Extracted data:

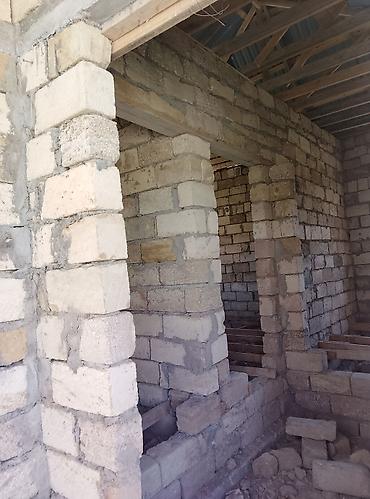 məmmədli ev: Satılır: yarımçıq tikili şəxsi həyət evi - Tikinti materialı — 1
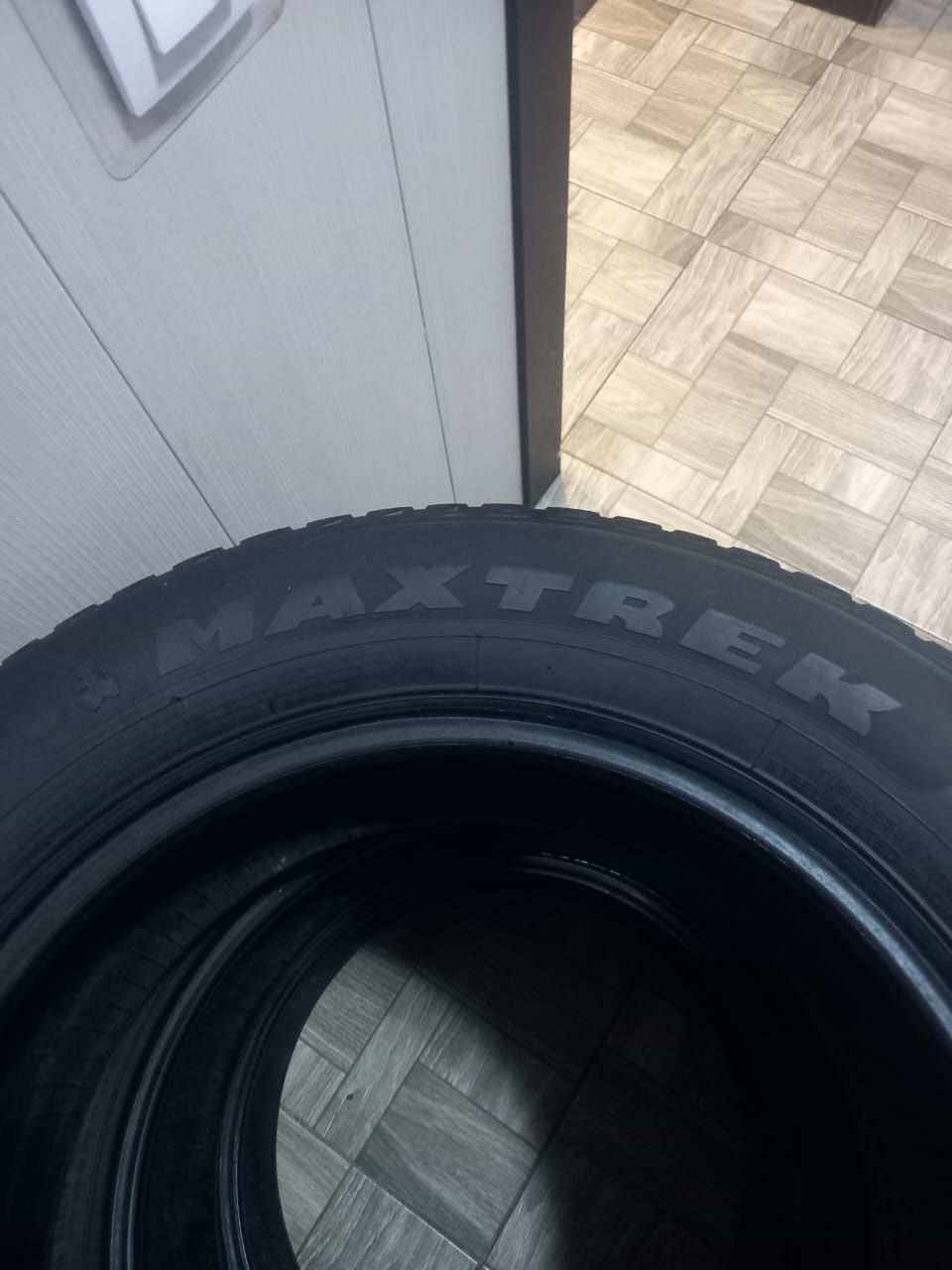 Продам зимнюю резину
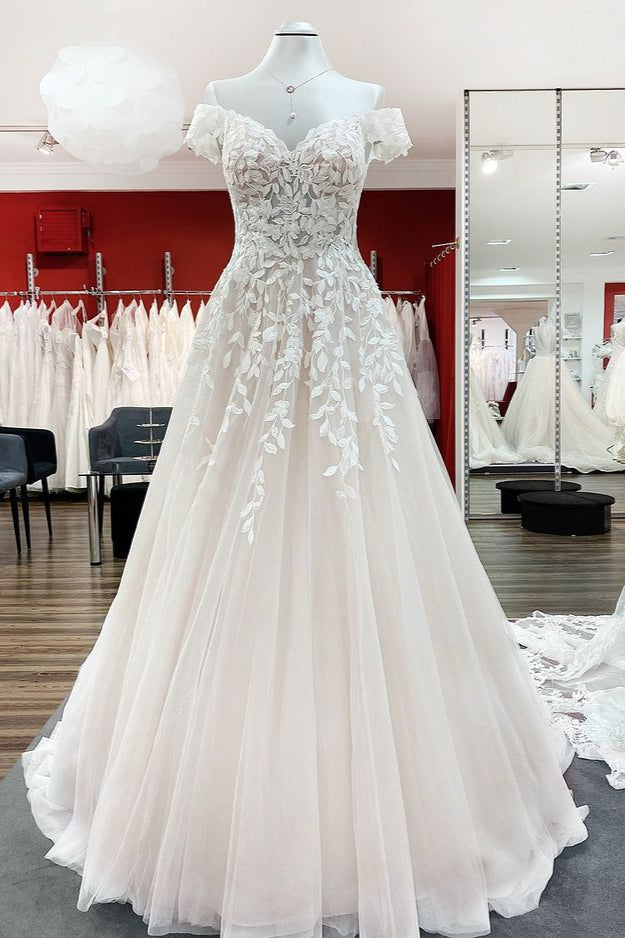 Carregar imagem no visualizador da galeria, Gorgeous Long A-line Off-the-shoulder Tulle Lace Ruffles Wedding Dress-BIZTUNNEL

* * *

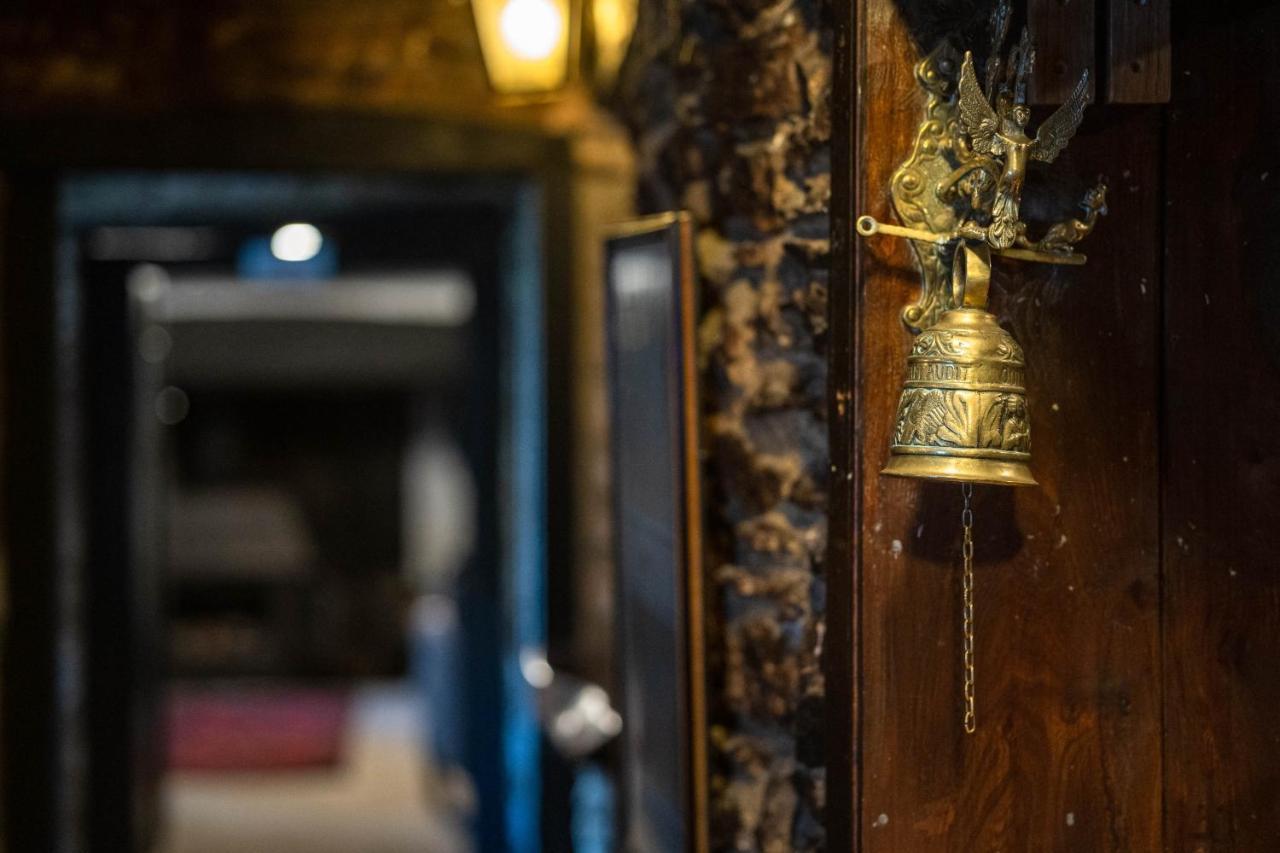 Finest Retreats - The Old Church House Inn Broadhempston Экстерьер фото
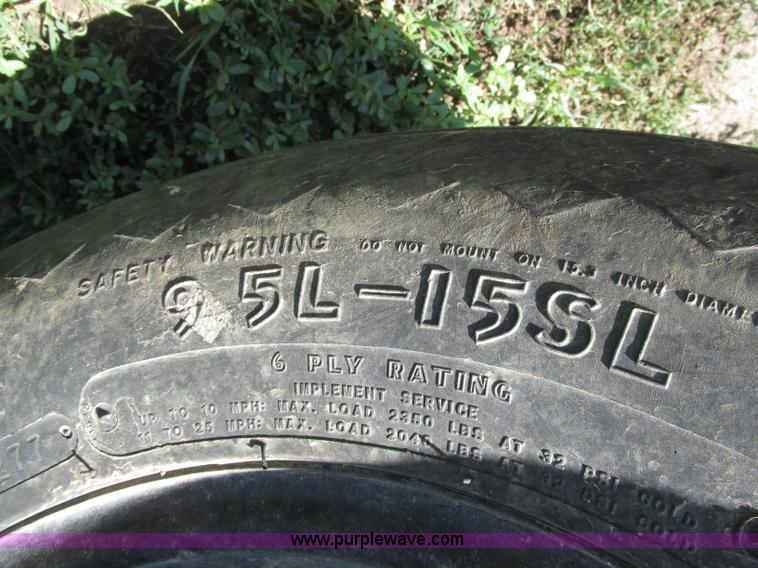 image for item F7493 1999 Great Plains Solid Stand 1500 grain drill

Problem details: Set the pictures aside and retype exactly the lines above from the line with "Finest Retreats - The" to the line with "image for item", both included, adding no others.

Answer to this problem:
 Finest Retreats - The Old Church House Inn Broadhempston Экстерьер фото
 image for item F7493 1999 Great Plains Solid Stand 1500 grain drill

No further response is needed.